Le temps des cerises se vit maintenant aussi au Québec. Depuis quelques années, les plantations de petits fruits vermillon se multiplient, d'un bout à l'autre de la province, avec un certain succès. Tout cela grâce, entre autres, à la détermination d'un homme qui rêvait de planter... des pommiers.

Gilles Beaulieu est ce qu'on pourrait appeler un pionnier malgré lui. Le premier cultivateur de cerises à grande échelle du Québec l'est devenu parce qu'il n'a pas pu accomplir son rêve de jeunesse! Quand, après quelques revers de fortune, il décide de retourner dans sa Mauricie natale pour y cultiver des pommes, les agronomes ne l'encouragent point du tout. Des vergers, il y en a déjà beaucoup dans le reste de la province, et le climat au nord du Saint-Laurent n'est pas idéal. Mauvaise idée, donc. Il faut trouver autre chose. Mais quoi?

Le hasard faisant parfois bien son travail, et plus d'une fois dans ce cas-ci, Gilles Beaulieu verra au même moment un reportage télévisé sur la culture des petites cerises dans l'Ouest canadien. «J'ai vite compris que si on était capable d'en faire pousser là-bas, malgré le temps assez rigoureux, elles pousseraient aussi ici.» Ne faisant ni une ni deux, le voilà donc qui s'embarque pour le Manitoba avec, dans ses valises, une liste de questions formulées par un agronome. Mais il n'attendra même pas l'analyse des réponses et se portera immédiatement acquéreur d'un millier de plants. À son retour, le voilà propriétaire de la première cerisaie commerciale du Québec même si, dans les faits, il s'y connaît à peine!

Trois ans plus tard, nouveau coup de pouce, l'Université de la Saskatchewan annonce qu'après 60 ans de travaux, elle vient de mettre au point six nouveaux cultivars à partir d'arbres importés de Mongolie et de Sibérie, supportant très bien le froid, et aux fruits un peu plus sucrés. Gilles Beaulieu en achète 7000.
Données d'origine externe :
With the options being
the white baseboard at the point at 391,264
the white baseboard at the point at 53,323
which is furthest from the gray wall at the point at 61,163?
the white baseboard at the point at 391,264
Car les cerises cultivées au Québec ne sont pas tout à fait celles qui nous arrivent de la Colombie-Britannique ou de la France, de type bigarreau ou Bing, entre autres, à la chair sombre et très sucrée. Les arbres - nains - adaptés à notre climat produisent des fruits plus petits, rouge vif et plutôt aigres: des cerises-griottes ou cerises acides. La première croquée active la salivation, comme lorsqu'on croque dans une pomme d'été, et il n'y a pas de doute que, à leur état naturel, posées sur une table, les Bing s'envoleront plus vite. Mais la popularité de ces petites cerises ne se dément pas, assure M. Beaulieu. «Nous avons de la chance au Québec, la canneberge nous a ouvert le chemin depuis quelques années. Les gens se sont habitués aux fruits un peu acides et ils aiment ça.»
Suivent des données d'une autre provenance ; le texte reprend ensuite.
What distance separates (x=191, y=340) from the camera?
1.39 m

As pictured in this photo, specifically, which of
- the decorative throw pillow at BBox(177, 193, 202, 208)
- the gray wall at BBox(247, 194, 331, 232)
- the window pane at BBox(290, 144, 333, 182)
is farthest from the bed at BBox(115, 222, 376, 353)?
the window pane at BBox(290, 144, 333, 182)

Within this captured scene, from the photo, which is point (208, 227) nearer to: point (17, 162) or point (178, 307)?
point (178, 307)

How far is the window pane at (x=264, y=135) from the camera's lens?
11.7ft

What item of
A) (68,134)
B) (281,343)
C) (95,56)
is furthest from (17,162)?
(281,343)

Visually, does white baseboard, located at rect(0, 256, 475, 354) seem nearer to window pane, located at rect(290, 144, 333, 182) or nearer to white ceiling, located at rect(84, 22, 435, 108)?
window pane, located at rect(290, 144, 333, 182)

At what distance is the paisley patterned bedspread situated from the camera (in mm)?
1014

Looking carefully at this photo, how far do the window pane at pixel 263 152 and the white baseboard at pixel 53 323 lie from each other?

Le plus souvent, donc, on les utilisera pour en faire des clafoutis, des tartes, des confitures, on les marinera dans l'alcool, etc. «Mais on veut aussi montrer aux gens que les cerises peuvent accompagner les plats salés», dit M. Beaulieu. Comme avec le cassis, cette petite baie aussi reconnue pour son acidité, il suggère de les intégrer dans les sauces des viandes rouges, dans les vinaigrettes et même, pourquoi pas, dans une étonnante soupe de griottes et betterave (recettes: croquecerise.ca).

Les fruits se cuisinent aussi congelés, ou séchés, et c'est fort heureux parce que le temps des cerises au Québec est à peine plus long que la pièce d'Anton Tchekov: 10 jours au maximum, variant selon les régions. Entre le début de juillet, en Montérégie, et la fin du mois plus au nord et à l'est.

Il faut faire vite, donc. Surtout que, bon an, mal an, les fruits des 5000 arbres du domaine trouvent preneur au moment de l'autocueillette - un arbre donne en moyenne 25 livres de fruits -, si bien que, pour la fabrication des produits maison (principalement des fruits séchés enrobés de chocolat ou de yogourt, des sirops, tartinades et vinaigrettes vendus dans les supermarchés et des épiceries fines sous l'étiquette Croque-Cerise), Gilles Beaulieu doit importer des griottes de l'Ouest canadien et des États-Unis.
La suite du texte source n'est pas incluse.